# ABOUT THIS EXERCISE
If pictures appear, leave them out, and return exactly the lines from the one holding "2025 г., женская" through the last line of the listing below.

# DATA PROVIDED
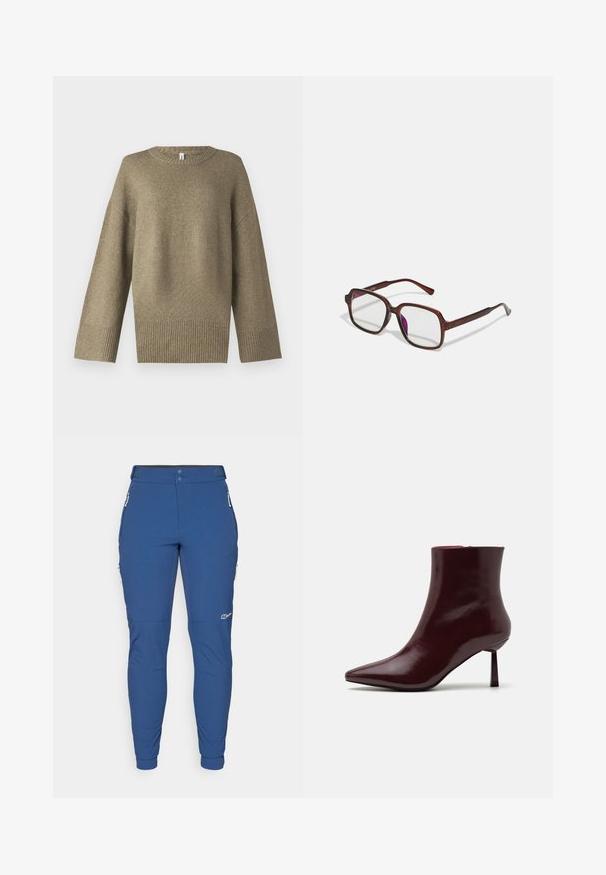 Olívazöld kötött pulóver kerek nyakkivágással, ejtett vállakkal és bordázott mandzsettákkal. Az anyag lágy tapintású, finom textúrával rendelkezik.; Kék, rugalmas anyagú, slim fit nadrág, amely két cipzáras oldalsó zsebbel és elasztikus mandzsettával rendelkezik, outdoor tevékenységekhez tervezve.; Burgundi színű, lakkozott bőrből készült bokacsizma, hegyes orral és karcsú stiletto sarokkal, sima, fényes textúrával és minimalista dizájnnal.; Barna, téglalap alakú szemüveg áttetsző lencsékkel és lila árnyalattal. Simító műanyag keret, egyenes szárakkal és diszkrét díszítésekkel.
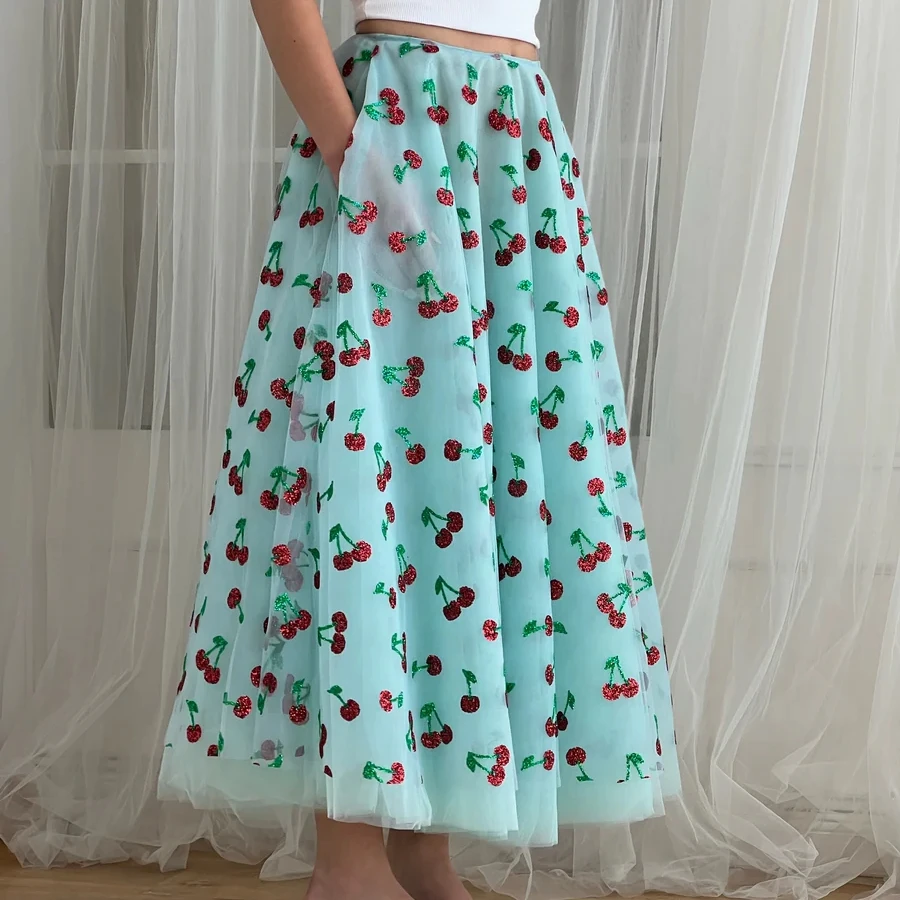 

2025 г., женская милая длинная юбка трапециевидной формы, стильная блестящая юбка со средней посадкой клубники/вишня/лимонной сетки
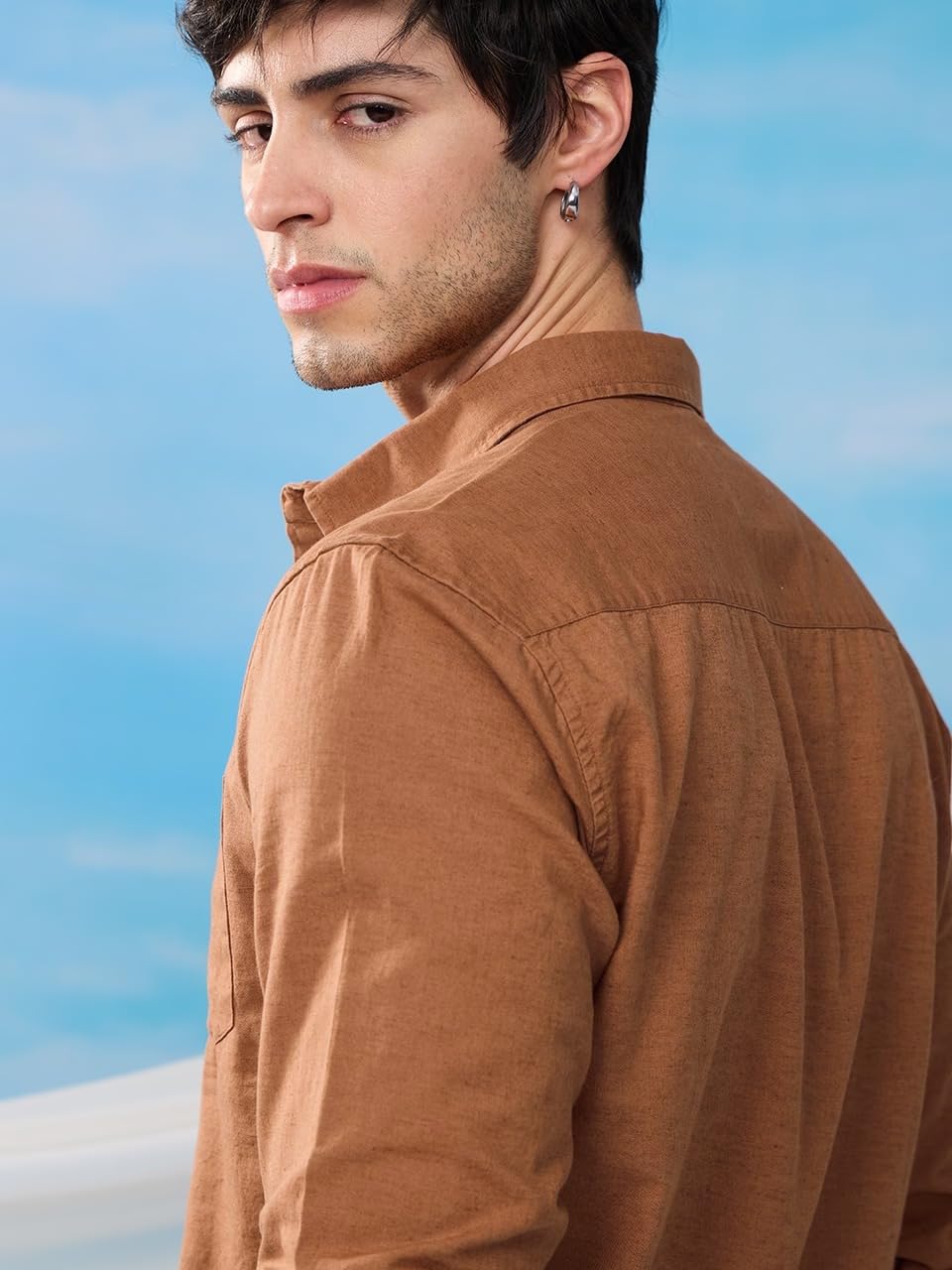 The Souled Store Cotton Linen: Men and Boys Regular Fit Full Sleeve Collared Neck Buttoned Spread Collar Casual Wear Breathable Lightweight Comfortable Easy to Style Office Wear Cotton Linen Shirts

# TASK SOLUTION
2025 г., женская милая длинная юбка трапециевидной формы, стильная блестящая юбка со средней посадкой клубники/вишня/лимонной сетки
 The Souled Store Cotton Linen: Men and Boys Regular Fit Full Sleeve Collared Neck Buttoned Spread Collar Casual Wear Breathable Lightweight Comfortable Easy to Style Office Wear Cotton Linen Shirts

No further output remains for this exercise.